Tribune. L’intelligence artificielle. C’est le thème de la Biennale des Arts Numériques de Bron qui débute le 4 avril. La directrice, Nathalie Mettay, présente la programmation de cette 4e édition.

«RVBN s’intéresse à toutes les étapes de la création. Avec des temps de fabrique où des artistes sont invités en résidence à Bron pour échanger avec les habitants. Puis la présentation de spectacles pluridisciplinaires. Et enfin, des bords de scène à l’issue des représentations pour poursuivre les discussions. Avec un socle commun : les arts numériques, c’est-à-dire l’appropriation artistique de technologies innovantes. On cherche aussi des spectacles qui véhiculent un propos, qui questionnent la société actuelle, avec une dimension philosophique forte. Des spectacles exigeants sur le fond mais accessibles dans la forme. 

Cette année, on a choisi l’intelligence artificielle comme thème. Car l’IA questionne, intrigue, inquiète… A ce titre, la chorégraphe et danseuse Rocio Berenguer, propose un spectacle surprenant : «Ergonomics» qui s’interroge sur les codes et les comportements des ultra connectées. Des citadins sollicités en permanence par les nouvelles technologies. Plutôt que de dénoncer des comportements, elle a décidé de s’en amuser. En proposant au public d’utiliser leurs smartphones durant la représentation. Une première ! Intéressant de voir comment une artiste s’approprie les nouvelles technologies. Mais aussi comment elle intègre les spectateurs à sa démarche.
Autre spectacle qui interpelle : «School of moon». Eric Minh Cuong fait danser sur scène des enfants de Bron avec des petits robots humanoïdes qui s’imitent et s’inspirent. Au final, on ressent une vraie empathie pour ces robots, certes formatés mais qui peuvent faire preuve d’une certaine autonomie. Un spectacle atypique qui a été très peu joué en France.

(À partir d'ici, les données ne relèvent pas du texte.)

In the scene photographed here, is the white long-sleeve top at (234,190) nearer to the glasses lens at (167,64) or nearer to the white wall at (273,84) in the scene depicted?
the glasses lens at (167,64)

Il y a aussi «Quadriphonia», qui associe concert et projections vidéos. L’originalité c’est la réalité virtuelle qui donne l’impression d’être immergée dans un jeu vidéo. Une création qui n’a encore jamais été présentée.
On veut aussi montrer que les nouvelles technologies ne datent pas d’hier. C’est pourquoi on programme «Lotte mon amour». Christine Ott joue des ondes Martenot, l’ancêtre des instruments numériques. Elle partage la scène avec Anne-Irène, joueuse d’alto et de darbouka, un des principaux instruments à percussions au Moyen Orient. Ensemble, elles mettent en musique les courts-métrages d’animation de Lotte Reiniger, une pionnière puisqu’elle a réalisé ses premiers films au début du 20e siècle avec de simples silhouettes en papier.

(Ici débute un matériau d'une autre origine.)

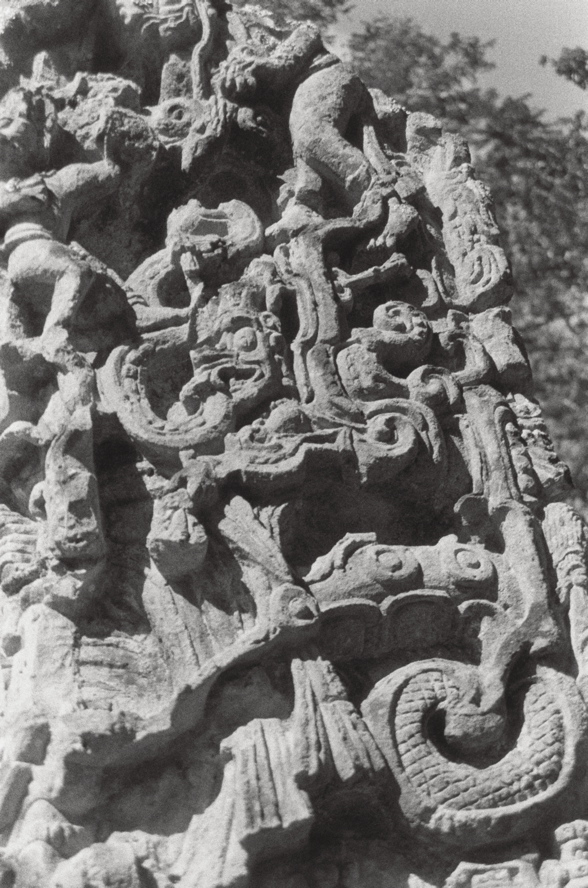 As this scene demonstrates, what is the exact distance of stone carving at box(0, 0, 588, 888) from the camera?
2.90m

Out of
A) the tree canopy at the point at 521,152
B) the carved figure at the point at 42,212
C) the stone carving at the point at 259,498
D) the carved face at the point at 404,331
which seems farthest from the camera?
the tree canopy at the point at 521,152

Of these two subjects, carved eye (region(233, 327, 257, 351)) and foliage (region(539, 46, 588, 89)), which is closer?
carved eye (region(233, 327, 257, 351))

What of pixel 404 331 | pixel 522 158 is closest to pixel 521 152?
pixel 522 158

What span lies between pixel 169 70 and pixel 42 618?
1975 mm

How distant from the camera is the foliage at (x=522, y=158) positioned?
27.5 feet

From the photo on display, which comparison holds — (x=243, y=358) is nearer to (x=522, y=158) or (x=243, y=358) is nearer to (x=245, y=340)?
(x=245, y=340)

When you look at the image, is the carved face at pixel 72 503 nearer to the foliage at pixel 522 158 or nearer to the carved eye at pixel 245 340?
the carved eye at pixel 245 340

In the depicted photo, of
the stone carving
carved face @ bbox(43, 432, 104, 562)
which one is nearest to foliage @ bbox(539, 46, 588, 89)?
the stone carving

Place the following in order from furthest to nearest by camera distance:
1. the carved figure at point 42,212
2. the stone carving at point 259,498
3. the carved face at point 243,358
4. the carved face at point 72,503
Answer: the carved figure at point 42,212 < the carved face at point 243,358 < the carved face at point 72,503 < the stone carving at point 259,498

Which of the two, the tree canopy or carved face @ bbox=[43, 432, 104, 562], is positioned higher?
the tree canopy

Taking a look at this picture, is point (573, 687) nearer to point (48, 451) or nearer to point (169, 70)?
point (48, 451)

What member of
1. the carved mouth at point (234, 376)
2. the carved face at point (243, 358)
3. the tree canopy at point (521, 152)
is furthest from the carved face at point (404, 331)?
the tree canopy at point (521, 152)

On propose également des petits formats comme «Artefact» imaginé par Joris Mathieu, le directeur du TNG. Le public circule par groupe de quinze sur trois installations différentes. Ce qui interpelle c’est que les comédiens ont été remplacés par des robots aux voix synthétiques. Un spectacle sur le désenchantement de l’humanité, mais dans lequel on vit une véritable expérience sensorielle. Puis dans un second temps, les acteurs réapparaissent pour un échange avec le public.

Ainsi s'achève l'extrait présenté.